-- Information provided follows --

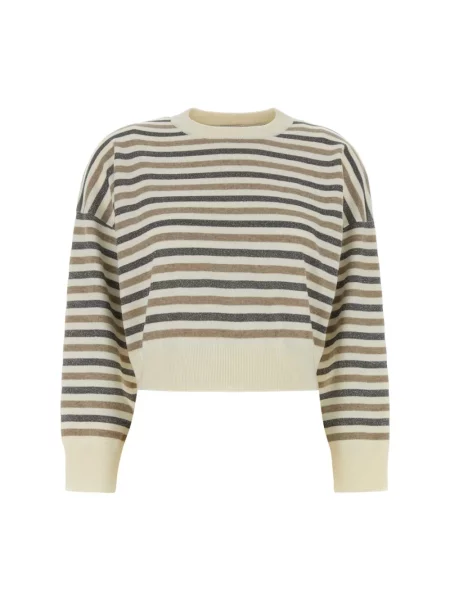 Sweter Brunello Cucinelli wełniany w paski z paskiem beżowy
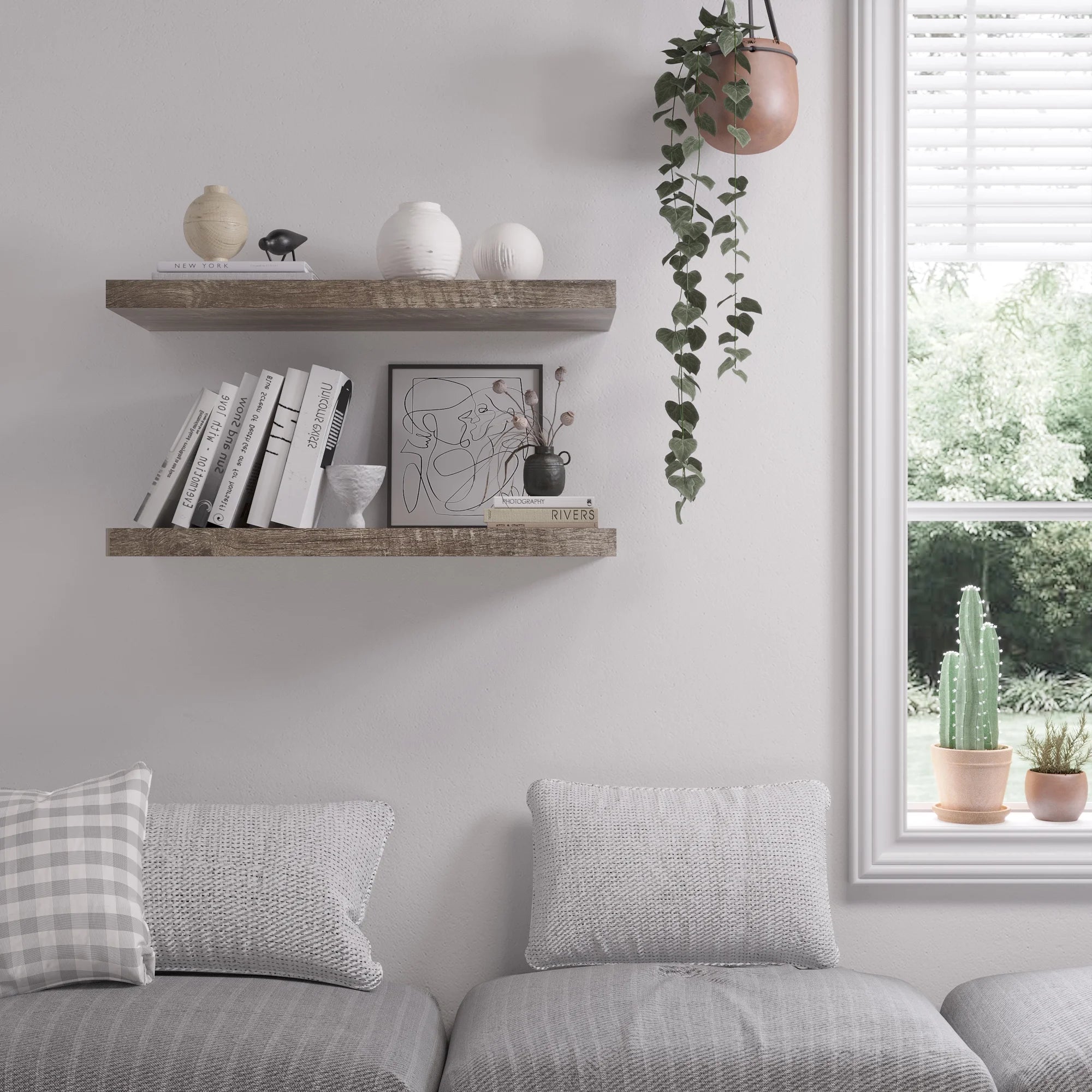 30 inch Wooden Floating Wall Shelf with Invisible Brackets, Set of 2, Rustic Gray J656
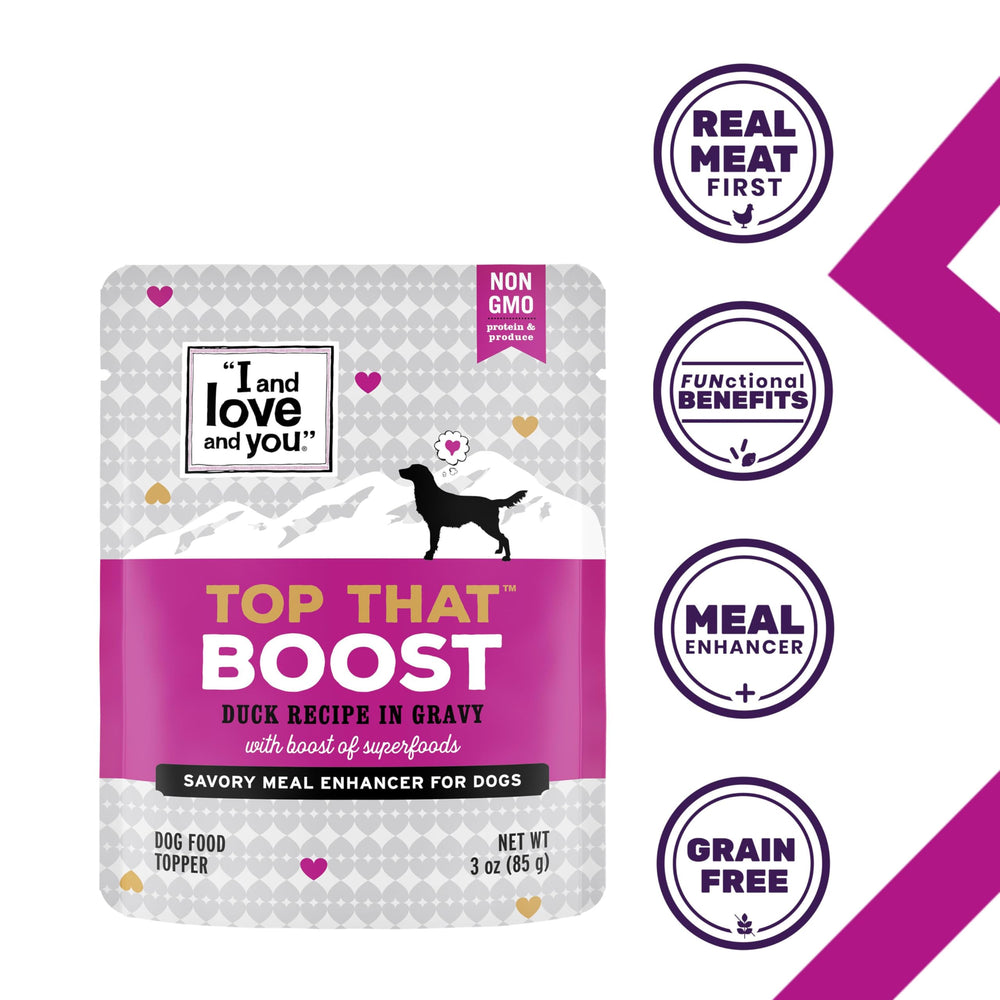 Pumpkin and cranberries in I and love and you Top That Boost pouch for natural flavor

-- Information provided concluded --

[Exercise]:
Leave the pictures out and output the rest of the data word for word.

[Completed task]:
 Sweter Brunello Cucinelli wełniany w paski z paskiem beżowy
 30 inch Wooden Floating Wall Shelf with Invisible Brackets, Set of 2, Rustic Gray J656
 Pumpkin and cranberries in I and love and you Top That Boost pouch for natural flavor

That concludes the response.